There was a mixed critical reception, though, for the second film inspired by humorist James Thurber’s famous 1939 short story. This one stars Stiller, Kristen Wiig and a briefly seen Shirley MacLaine, following an earlier musical version in 1947 with Danny Kaye as Mitty.

Kristen Wiig co-stars in the upcoming comedy, set to premiere Christmas Day.

“The film’s pleasures may be too minor key and its pace too meandering to conquer the mainstream,” said a reviewer for The Hollywood Reporter. “But audiences willing to tune in to its blend of surreal fantasy, droll comedy and poignancy will be rewarded.”

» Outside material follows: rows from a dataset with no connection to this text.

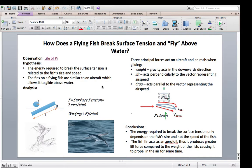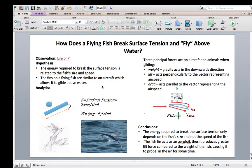From group 40, our topic of selection for EME 303 presentation is flying fish. We got the idea inspired from a movie called Life of Pi. Let us watch a short clip from the movie.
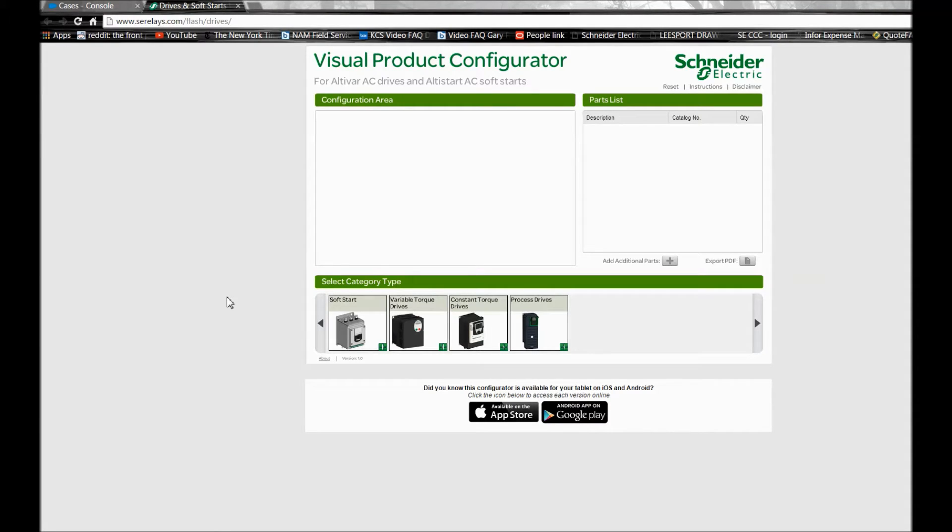To select the part number you're looking for, you have to select the category type that fits your application.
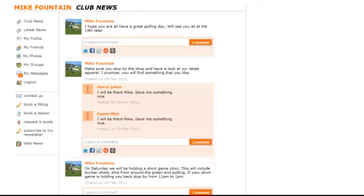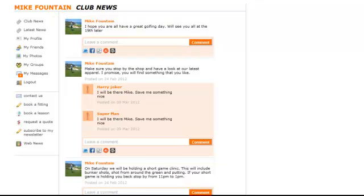This video will cover club news and latest news. The club news section is where people land once they've signed up and logged in. This section will display all homepage news feed posts and it's where people can come and comment on them.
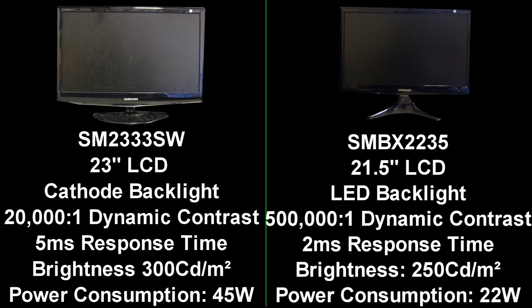The contrast ratio is the biggest difference you can see here: 20,000 to 1 compared to 500,000 to 1 — that's an incredible increase just by having an LED backlight, which seems to be a common trait with all these LED products. The response time is also different, but that could just be the monitor technology.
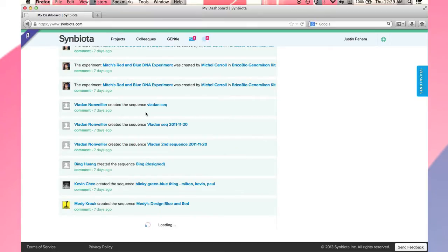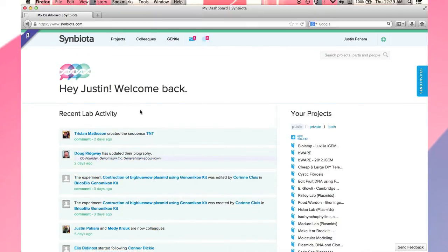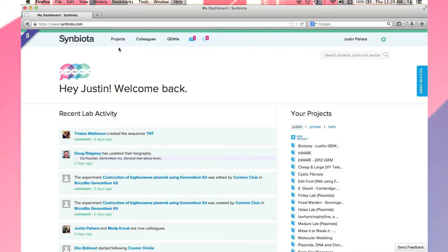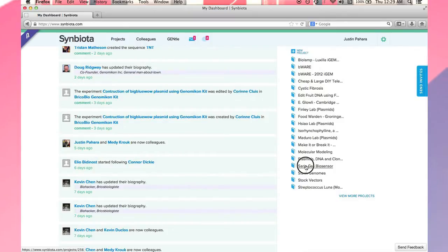All data lives within projects. You can navigate to your projects by using either the link in the navigation bar or by this column on the right. I will now navigate to the open project called Sarin Gas Biosensor.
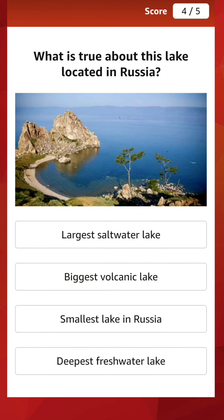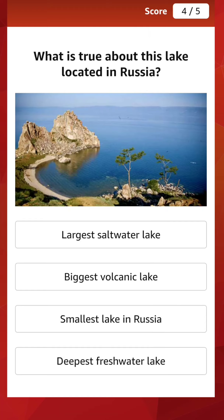Moving to the last question with the second image. What is true about this lake located in Russia? Here is a picture of the lake — it is Lake Baikal, undoubtedly. The options are: largest salt water lake, biggest volcanic lake, smallest lake in Russia, or deepest freshwater lake. Lake Baikal is a rift lake located in southern Siberia, and is the largest freshwater lake by volume in the world. It contains 22 to 23 percent of the world's fresh surface water, with a maximum depth of 1,642 meters, making it the world's deepest lake.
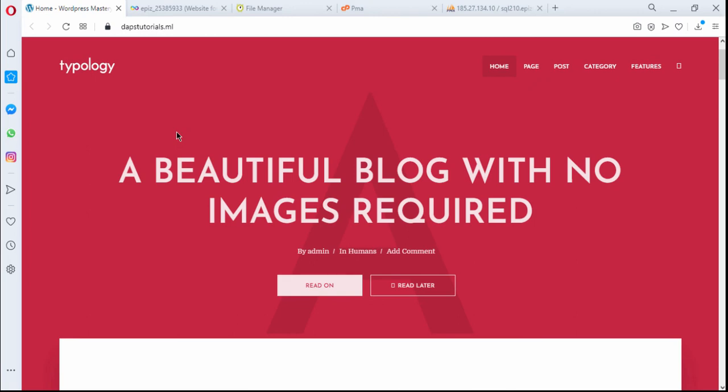That's it, guys — that's exactly how to manually take a backup of your website and restore your files through FTP. It's something very easy; you just need to make sure you take an adequate backup and upload your files and your database. Thank you very much for watching. If this video has been helpful, give me a thumbs up. If you have any questions or want clarification, drop them in the comment section below. Subscribe to this YouTube channel — that's the only way you get notified when I post more videos. I hope to see you in my next video, bye for now.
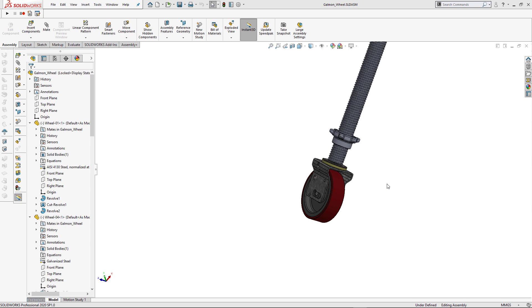Hello, in this video I will demonstrate a macro which can improve efficiency of adding mates to your assembly. This macro allows to select primary planes and origin using the shortcut.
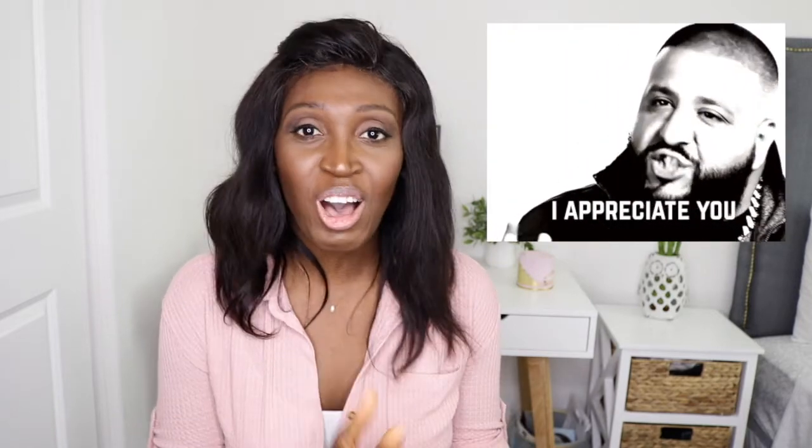This is your girl, Abby. And if you are new, welcome. If you're returning, thank you for sticking around on my channel.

In Stiller’s film, Mitty is a milquetoast photo editor at a present-day Life Magazine (which ceased monthly publication in 2000) too shy to talk to single mom and co-worker Wiig who he has a crush on. But he frequently pictures himself as a hero in daydreams, which makes him the target of a corporate shark (Adam Scott) assigned to downsize the magazine to a web-only operation.

When Mitty loses an image designated for the cover of the last print edition, his character (who’s never been out of the country) abruptly changes and has real-life adventures in Greenland, Iceland and Afghanistan while searching for the gonzo photographer (Sean Penn in a one-scene cameo) who took it.

It’s beautifully photographed movie and has some good sequences though somewhat earnest and schmaltzy. Never really establishing a consistent tone, it’s relatively slow-moving and light on laughs — though that seemed to bother some critics who saw it earlier than the day more than the evening crowd at Lincoln Center who gave Stiller a standing ovation.

In the works for 19 years with Jim Carrey, Owen Wilson and Sacha Baron Cohen slated to play Mitty at various points, “The Secret Life of Walter Mitty” opens nationally on Christmas Day.

“A lot of people think studios are bad and these faceless greedy corporations. And they are,” Stiller said to audience laughter. “But there also people there who run them. The people at the studio decided to take a chance on this movie.”